Starting with the line that contains "Nedis High Speed" and stopping after the line that contains "VTG Orrefors Sweden", copy the entries below exactly. Include nothing else.

=== EXERCISE MATERIAL ===

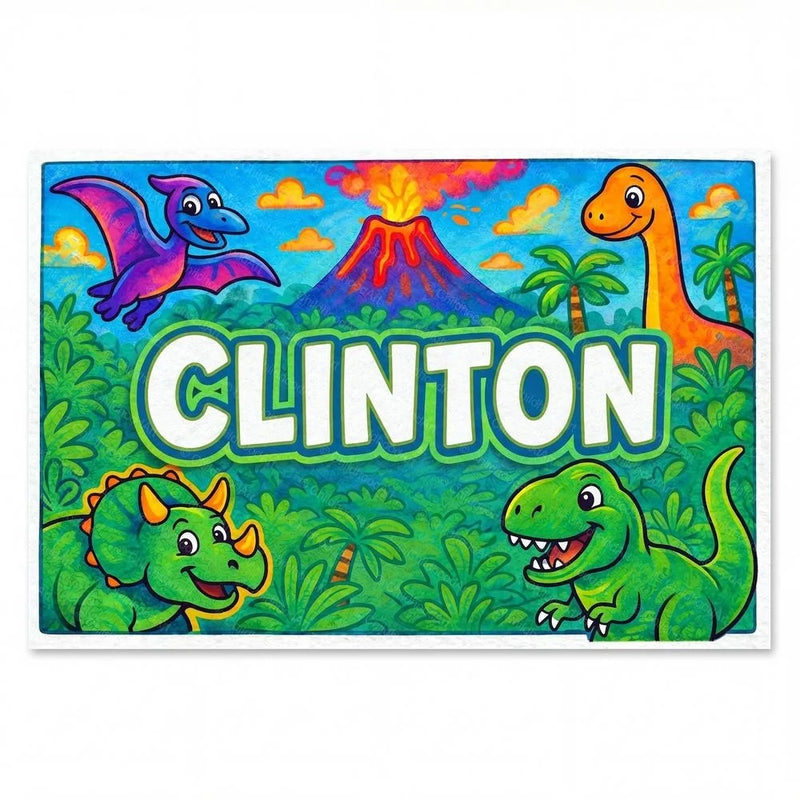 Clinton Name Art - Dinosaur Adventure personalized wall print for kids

===
=== EXERCISE MATERIAL ===

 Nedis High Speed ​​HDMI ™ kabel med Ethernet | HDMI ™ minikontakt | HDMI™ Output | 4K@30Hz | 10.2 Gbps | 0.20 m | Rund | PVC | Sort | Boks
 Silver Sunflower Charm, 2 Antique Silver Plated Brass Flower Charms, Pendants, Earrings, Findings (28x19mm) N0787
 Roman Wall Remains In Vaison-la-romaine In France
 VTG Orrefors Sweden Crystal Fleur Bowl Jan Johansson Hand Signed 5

===

◆ **WRITTEN ANSWER**:
 Nedis High Speed ​​HDMI ™ kabel med Ethernet | HDMI ™ minikontakt | HDMI™ Output | 4K@30Hz | 10.2 Gbps | 0.20 m | Rund | PVC | Sort | Boks
 Silver Sunflower Charm, 2 Antique Silver Plated Brass Flower Charms, Pendants, Earrings, Findings (28x19mm) N0787
 Roman Wall Remains In Vaison-la-romaine In France
 VTG Orrefors Sweden Crystal Fleur Bowl Jan Johansson Hand Signed 5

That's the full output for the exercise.